● **To do**: Omit the images and return the remaining entries unchanged.

[Web page caption snippets]
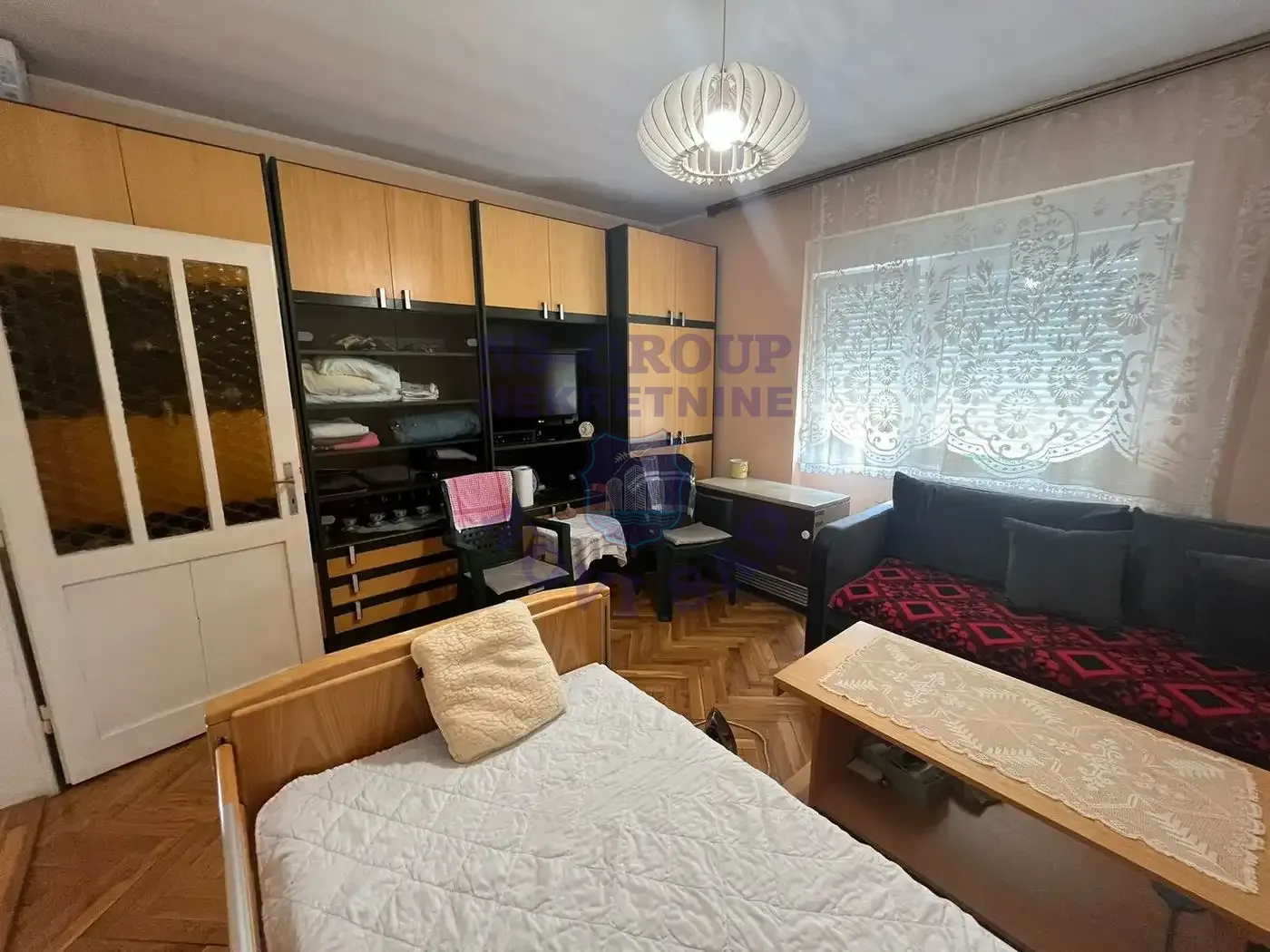 kuca na prodaju Sremski Karlovci 180m2 550648
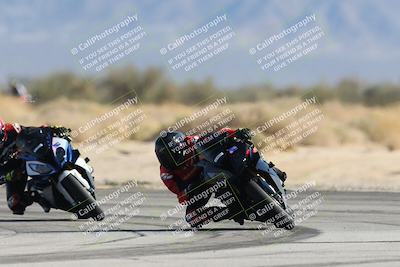 media/Nov-29-2025-TrackXperience (Sat) [[2953a387f4]]/2-Level 2/Session 4 (Turn 16)/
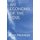 An Economy of the Soul (Paperback): Ken Norman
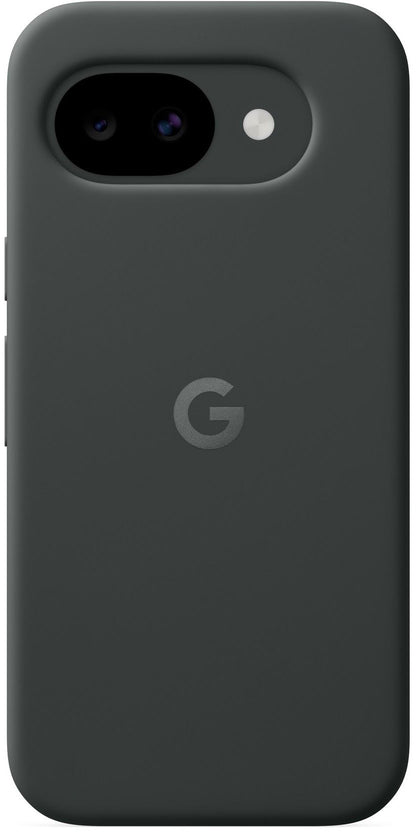 Custodia per Google Pixel 10a, Nera GA10871-WW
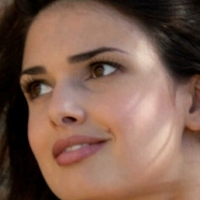 Jasmine Mathews Nahé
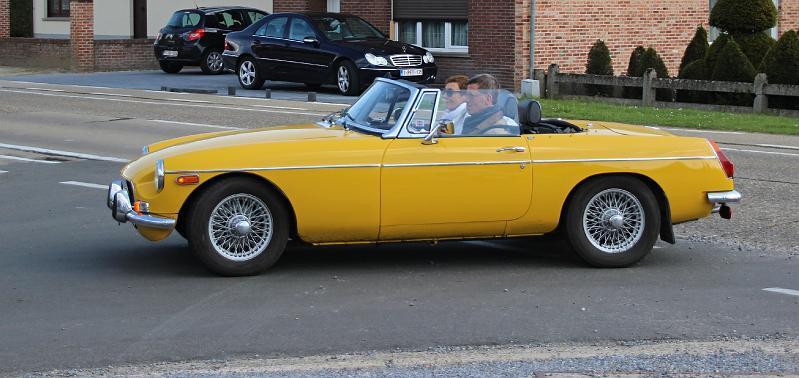 Mei Oldtimerrit (321).JPG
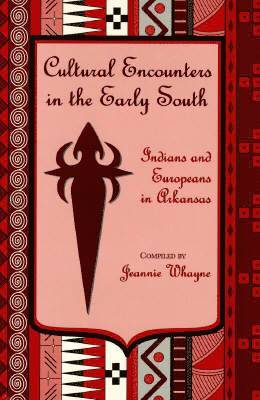 Cultural Encounters in the Early South 1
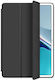 Premium Flip Cover Negra (Huawei MatePad 11 (2021)) K760122587734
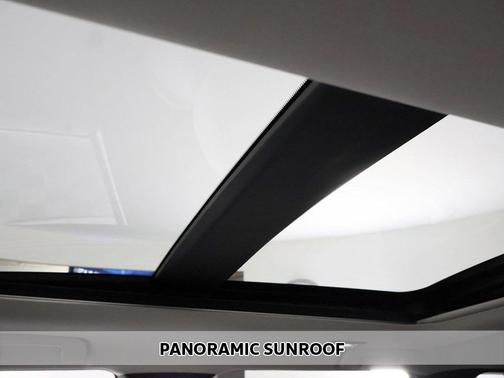 2025 Mitsubishi Outlander SE 2.5 S-AWC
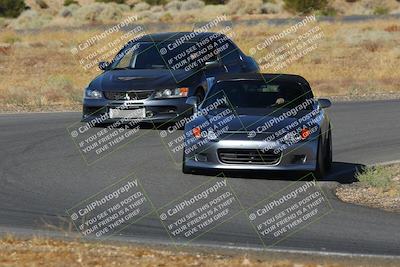 media/Sep-29-2024-Turn8 Trackdays (Sun) [[1cf3b4bb64]]/Purple/Session 1 (Turn 3)/
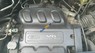 Ford Escape 3.0 V6 2002 - Xe Ford Escape 3.0 V6 năm 2002, màu đen chính chủ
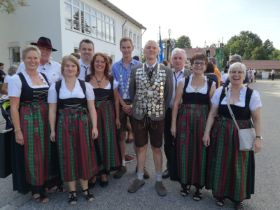 auf der Wiesn.jpg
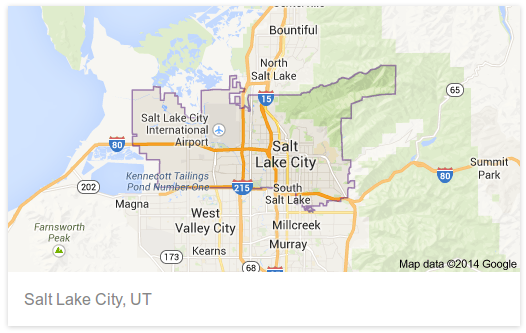 PERM Labor Certification Radio Ads Salt Lake City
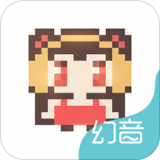 幻音音乐 3.3.1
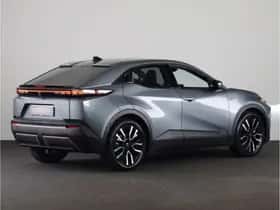 Toyota C-HR+ (2026) thumbnail 2
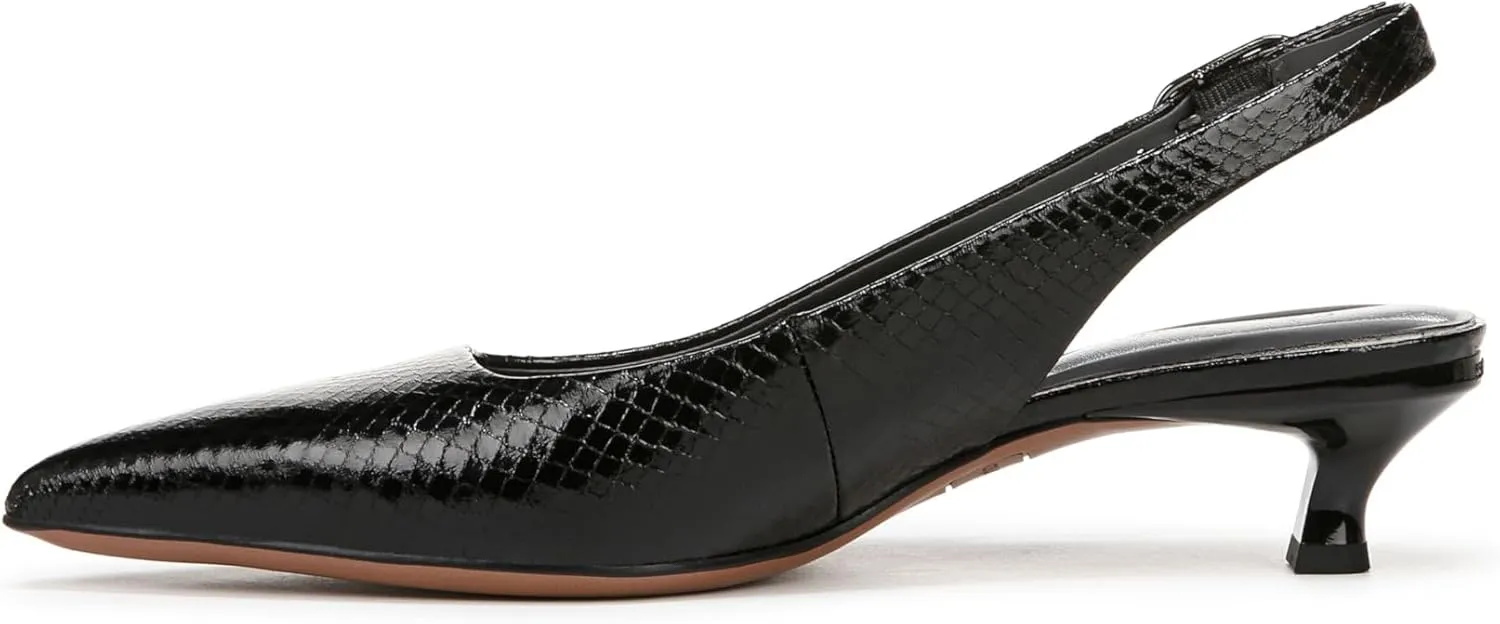 Franco Sarto womens Marlow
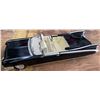 Image 1 : Die-Cast 1959 Cadillac Eldorado Biarritz Convertible Model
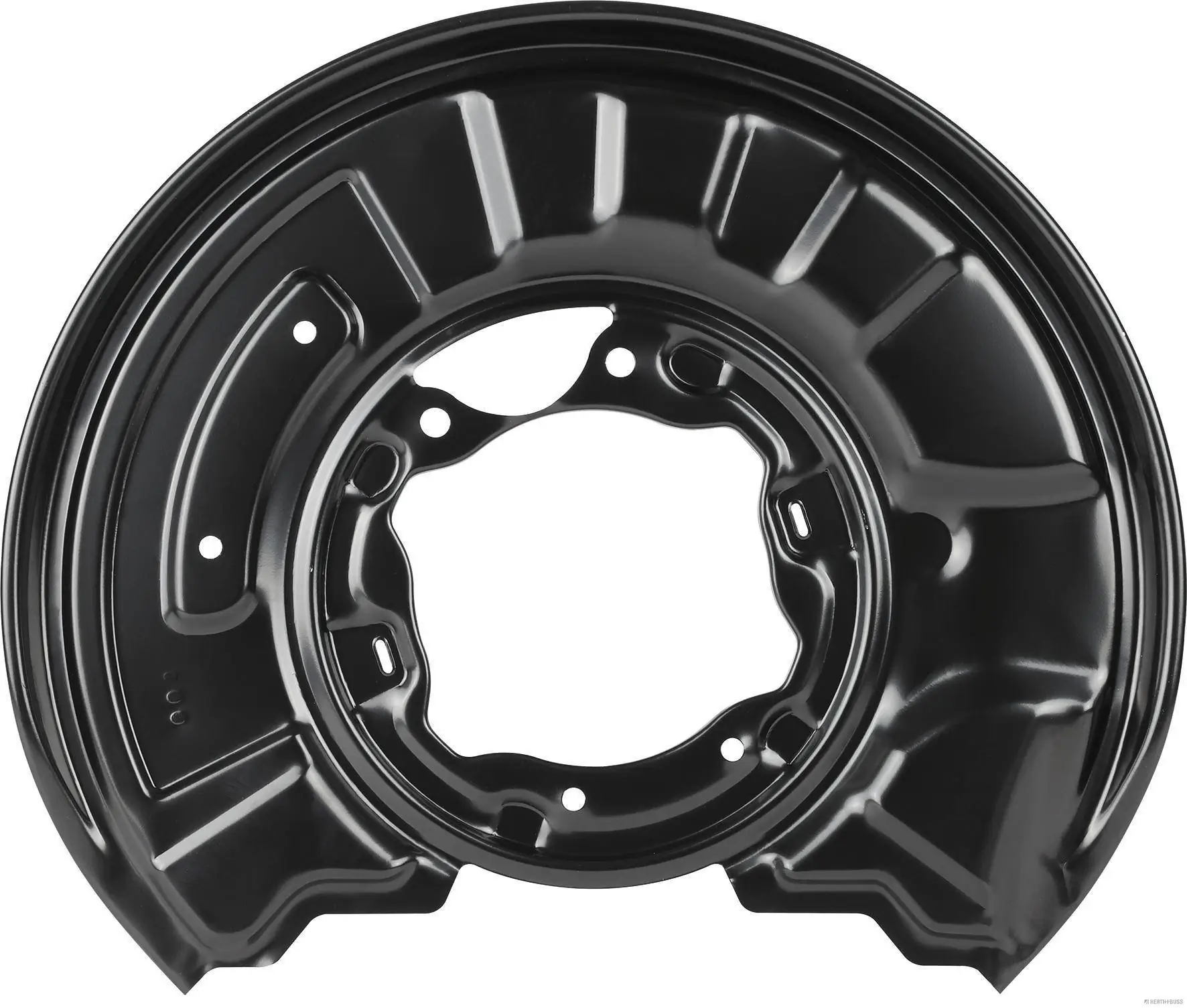Plekk, piduriketas HERTH+BUSS JAKOPARTS J3350815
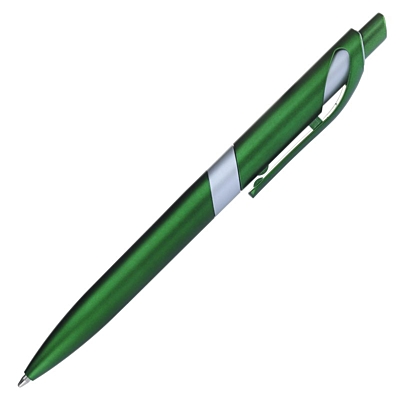 MALAGA guľôčkové pero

● **Response area**:
 kuca na prodaju Sremski Karlovci 180m2 550648
 media/Nov-29-2025-TrackXperience (Sat) [[2953a387f4]]/2-Level 2/Session 4 (Turn 16)/
 An Economy of the Soul (Paperback): Ken Norman
 Custodia per Google Pixel 10a, Nera GA10871-WW
 Jasmine Mathews Nahé
 Mei Oldtimerrit (321).JPG
 Cultural Encounters in the Early South 1
 Premium Flip Cover Negra (Huawei MatePad 11 (2021)) K760122587734
 2025 Mitsubishi Outlander SE 2.5 S-AWC
 media/Sep-29-2024-Turn8 Trackdays (Sun) [[1cf3b4bb64]]/Purple/Session 1 (Turn 3)/
 Ford Escape 3.0 V6 2002 - Xe Ford Escape 3.0 V6 năm 2002, màu đen chính chủ
 auf der Wiesn.jpg
 PERM Labor Certification Radio Ads Salt Lake City
 幻音音乐 3.3.1
 Toyota C-HR+ (2026) thumbnail 2
 Franco Sarto womens Marlow
 Image 1 : Die-Cast 1959 Cadillac Eldorado Biarritz Convertible Model
Plekk, piduriketas HERTH+BUSS JAKOPARTS J3350815
 MALAGA guľôčkové pero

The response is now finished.